Ce n’est donc pas un hasard si ce livre sort maintenant.
Non, certainement pas. Le Lausannois Roger Nordmann est conseiller national, président du groupe socialiste aux Chambres, et l’on comprend bien qu’il s’agit d’une publication en année électorale. Elle s’intitule Le Plan solaire et climat. Mais on aurait tort de parler d’opportunisme : Nordmann est un spécialiste. Il préside Swissolar depuis des années. Une association de branche regroupant les entreprises actives dans les équipements solaires. Alors il s’agit bien de lobbyisme, et l’on peut même parler de bon lobbyisme.
Et en quoi consiste le plan solaire de Roger Nordmann ?
A admettre tout d’abord que l’énergie éolienne n’a pas d’avenir en Suisse. Elle en a certainement dans les régions plates du Nord de l’Europe, qui sont déjà largement recouvertes, mais pas en Suisse. Les paysages ont trop de valeur et les oppositions y sont bien trop vives. C’est donc sur le solaire qu’il faut se concentrer.
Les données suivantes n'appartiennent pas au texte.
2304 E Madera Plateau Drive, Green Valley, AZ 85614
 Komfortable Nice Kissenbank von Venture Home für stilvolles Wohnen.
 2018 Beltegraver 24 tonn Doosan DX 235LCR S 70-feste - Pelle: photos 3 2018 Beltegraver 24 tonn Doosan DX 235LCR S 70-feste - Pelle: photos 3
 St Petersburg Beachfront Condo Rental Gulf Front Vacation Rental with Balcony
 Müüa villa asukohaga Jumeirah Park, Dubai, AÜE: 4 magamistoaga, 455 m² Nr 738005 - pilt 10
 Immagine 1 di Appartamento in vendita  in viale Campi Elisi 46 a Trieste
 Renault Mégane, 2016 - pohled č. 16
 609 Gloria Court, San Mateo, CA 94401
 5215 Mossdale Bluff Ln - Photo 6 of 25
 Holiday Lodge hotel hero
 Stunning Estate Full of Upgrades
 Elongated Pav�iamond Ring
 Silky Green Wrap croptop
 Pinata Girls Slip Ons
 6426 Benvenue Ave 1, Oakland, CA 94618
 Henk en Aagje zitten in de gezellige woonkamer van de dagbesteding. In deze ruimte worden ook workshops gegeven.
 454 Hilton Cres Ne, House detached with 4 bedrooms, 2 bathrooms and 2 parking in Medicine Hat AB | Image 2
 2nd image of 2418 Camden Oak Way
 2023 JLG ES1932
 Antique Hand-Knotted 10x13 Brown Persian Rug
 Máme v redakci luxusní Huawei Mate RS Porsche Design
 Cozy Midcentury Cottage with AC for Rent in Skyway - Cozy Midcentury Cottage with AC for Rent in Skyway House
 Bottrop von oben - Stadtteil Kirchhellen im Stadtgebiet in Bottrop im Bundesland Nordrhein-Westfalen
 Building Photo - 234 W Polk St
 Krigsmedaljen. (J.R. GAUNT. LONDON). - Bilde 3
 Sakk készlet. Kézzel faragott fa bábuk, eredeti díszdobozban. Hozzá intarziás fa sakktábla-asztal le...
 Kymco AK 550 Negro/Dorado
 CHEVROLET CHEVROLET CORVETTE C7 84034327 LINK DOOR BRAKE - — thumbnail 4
C’est déjà le cas aujourd’hui.
Oui, et la Stratégie énergétique 2050 soutenue en vote populaire il y a deux ans va plus ou moins dans ce sens. Mais c’est beaucoup trop lent. Depuis le temps que l’on en parle et qu’on le favorise, le solaire ne représente pas plus de 3% de l’énergie électrique. Or le nucléaire et le pétrole qu’il s’agit de remplacer couvrent aujourd’hui plus de 40% des besoins.
On attend aussi que les développements se soient stabilisés dans les technologies de stockage. C’est-à-dire les batteries.
Oui, mais il y a bien un moment où il faudra cesser d’attendre. Nordmann suggère d’importants investissements en attendant pour recouvrir de panneaux solaires tous les espaces publics disponibles : bordures des routes, autoroutes, voies de chemins de fer. Et les toitures des bâtiments publics. Il s’agirait de créer une production de base, allant au-delà de l’autoconsommation. Pour pouvoir, ou devoir développer les premiers réseaux de stockage qui seront la clé de l’électricité solaire du futur.
Ce qui requiert des financements publics importants.
Oui, comme ce fut le cas pour la construction des grands barrages et des grands tunnels alpins. Alors où trouver les fonds sans augmenter les prélèvements auprès des ménages et des entreprises ? Eh bien ce sera probablement l’un des thèmes-clés de la prochaine législature à Berne.